ACTIVITY
Retype, word for word, the line holding "Kroenchen Großheubach" and each line after it down to the end of the data; pictures are not copied.

=== Section Start ===

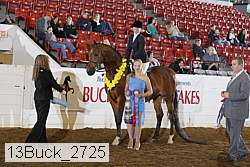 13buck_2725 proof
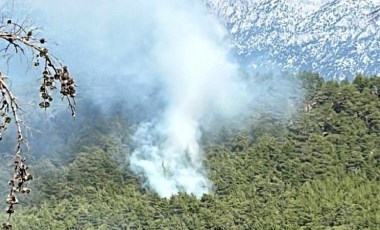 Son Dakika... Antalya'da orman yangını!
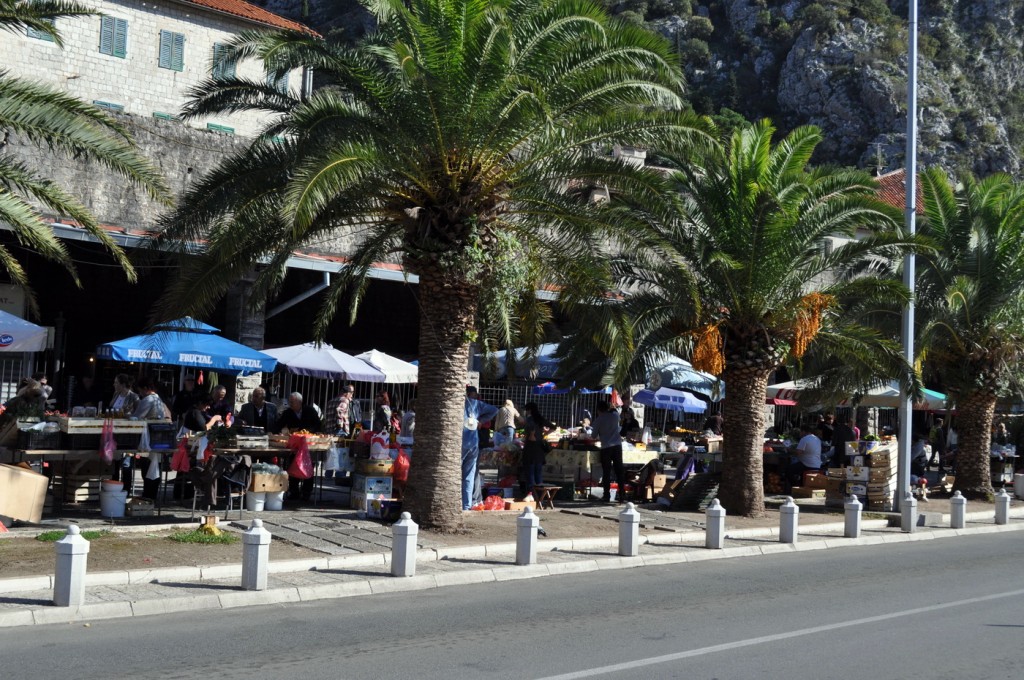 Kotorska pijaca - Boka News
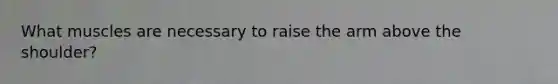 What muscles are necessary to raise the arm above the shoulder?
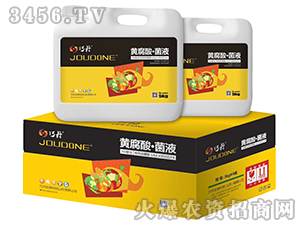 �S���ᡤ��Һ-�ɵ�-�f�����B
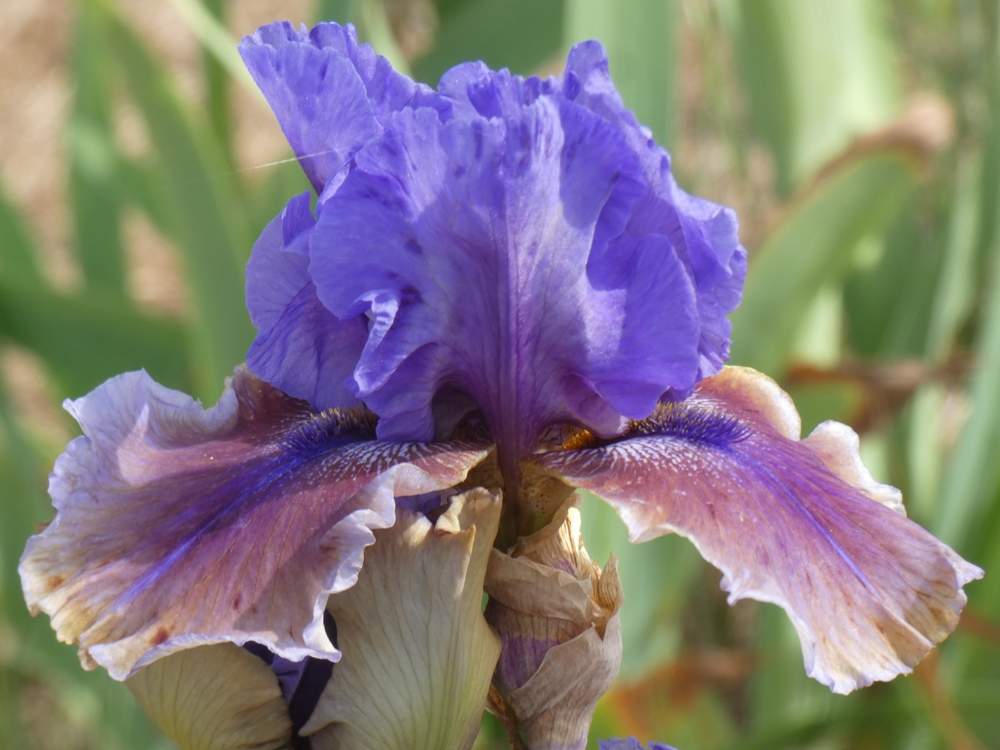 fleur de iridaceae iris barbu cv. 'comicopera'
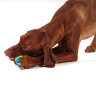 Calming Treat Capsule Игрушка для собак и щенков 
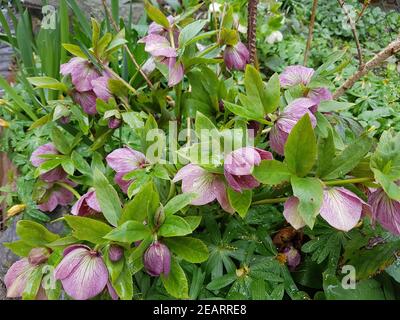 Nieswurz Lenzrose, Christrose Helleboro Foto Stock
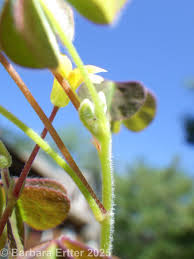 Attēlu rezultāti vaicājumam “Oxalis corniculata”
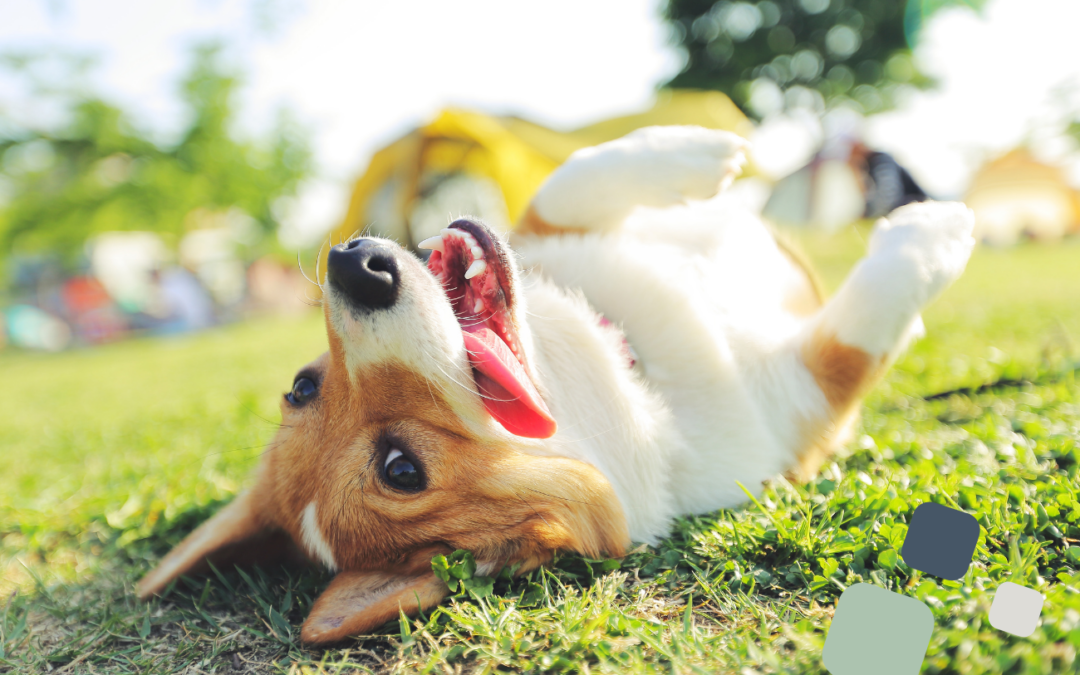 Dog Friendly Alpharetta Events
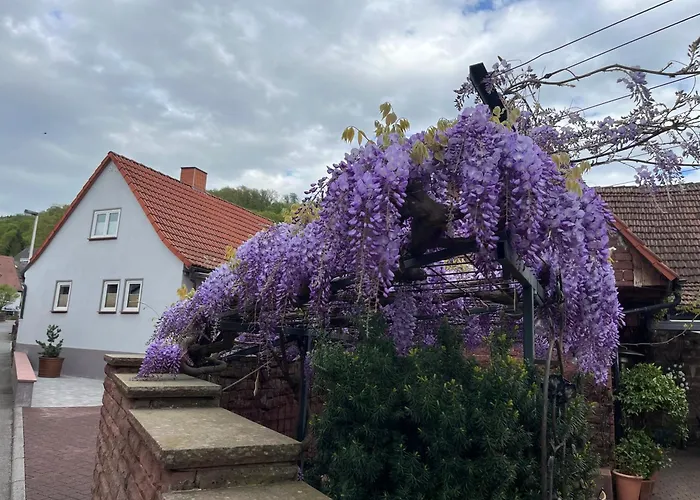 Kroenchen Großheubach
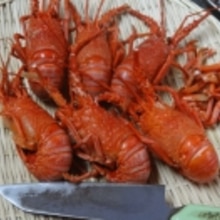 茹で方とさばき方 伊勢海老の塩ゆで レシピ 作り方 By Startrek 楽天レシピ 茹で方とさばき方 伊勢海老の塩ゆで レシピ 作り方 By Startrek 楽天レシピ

=== Section End ===

TASK ANSWER
 Kroenchen Großheubach
 茹で方とさばき方 伊勢海老の塩ゆで レシピ 作り方 By Startrek 楽天レシピ 茹で方とさばき方 伊勢海老の塩ゆで レシピ 作り方 By Startrek 楽天レシピ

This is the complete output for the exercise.